The device of Spacey looking into the camera to address the audience could have been hoary and crass, equal parts "Ferris Bueller's Day Off" and Showtime's bland, similarly titled "House of Lies," but the way it works here is ingenious and feels genuinely fresh – it offers not only key insight into Underwood's character (and it should be noted that Spacey hasn't been this good in years), but it also helps to clarify or untangle what is, in two episodes, already a sprawling and intricately knotty plot filled with dozens of characters (each with their own thorny motivation). And the way Fincher films these asides, too, is brilliant – instead of them coming across as pure fantasy, Fincher lingers, watching as Spacey's head turns away from the camera and back to a conversation he's having with another character that is actually in the room. It's a subtle little thing but it goes a long way to sell the stylistic tic.

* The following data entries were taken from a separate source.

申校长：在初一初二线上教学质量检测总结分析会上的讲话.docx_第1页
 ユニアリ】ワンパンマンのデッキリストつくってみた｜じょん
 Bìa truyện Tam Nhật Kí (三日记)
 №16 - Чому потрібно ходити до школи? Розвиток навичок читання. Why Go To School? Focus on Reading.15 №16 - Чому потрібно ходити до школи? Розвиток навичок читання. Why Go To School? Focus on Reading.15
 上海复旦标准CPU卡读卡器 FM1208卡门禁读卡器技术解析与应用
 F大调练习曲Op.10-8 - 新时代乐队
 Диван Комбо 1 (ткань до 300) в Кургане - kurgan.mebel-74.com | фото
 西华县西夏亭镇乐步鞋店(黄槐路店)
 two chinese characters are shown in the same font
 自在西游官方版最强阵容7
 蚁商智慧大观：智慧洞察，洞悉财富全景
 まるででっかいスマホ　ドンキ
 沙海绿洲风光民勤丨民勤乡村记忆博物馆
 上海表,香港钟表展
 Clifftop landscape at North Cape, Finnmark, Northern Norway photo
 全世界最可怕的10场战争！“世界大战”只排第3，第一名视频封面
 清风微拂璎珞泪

"Chapter 2," is less beholden to the set-up, and portions of Underwood's scheme start to actually get done (what these things are, we're hesitant to reveal). Fincher, too, is able to luxuriate in this world, occasionally eschewing the dense political discussion for creating equally powerful sequences of domestic life between Claire and Frank. It's these moments that seem genuinely refreshing – it would be the first thing a TV executive or ad guy would say needed to be cut. "Why the fuck are they talking about a rowing machine? Lose it. Unless we could get product placement…" would probably be the note. But these are the scenes that help enrich and elevate "House of Cards."
A great moment from "Chapter 2" occurs when Underwood dispatches Russo to track down a classmate of the man the President wants to assign to Secretary of State (and whose name appeared on a seemingly anti-Semitic school newspaper article). It's grungy and filthy and funny and Stoll, along with Mara (who gets the best line of the pilot: "Brian, you're so sweet but if I was gonna fuck you, you'd know"), is an early candidate for MVP, his eyes going wild with possibility (and drugs). He's a character whose vices have gotten him ensnared by a far bigger devil. Amazingly, in these two episodes, Fincher and his collaborators have already established a kind of visual shorthand: when Spacey stands at the window with a hand-rolled cigarette, you know what that means, already. Especially when Wright, who has never looked so beautiful and sharp, joins him. In "Chapter 1" Spacey coos, "I love that woman, I love her like a shark loves blood." It's easy to see why.
There is an element of dangerous unpredictability to "House of Cards," possibly aided by its nontraditional format, that is truly refreshing. It might be reminiscent of a number of genre tropes, and formally isn't all that different from the kind of material you could find on premium cable, but it has an energy and wit all its own. It seems and looks and feels genuinely different, and wholly brilliant. It will be interesting to see, as the series passes off to different directors, if this kind of toothsome energy can continue. Since all of the episodes are available now, we'll know soon enough, but we just hope this "House of Cards" doesn't come tumbling down as we continue to dive in. [First two episodes: A]
All thirteen episodes of "House Of Cards" Season One are now available on Netflix.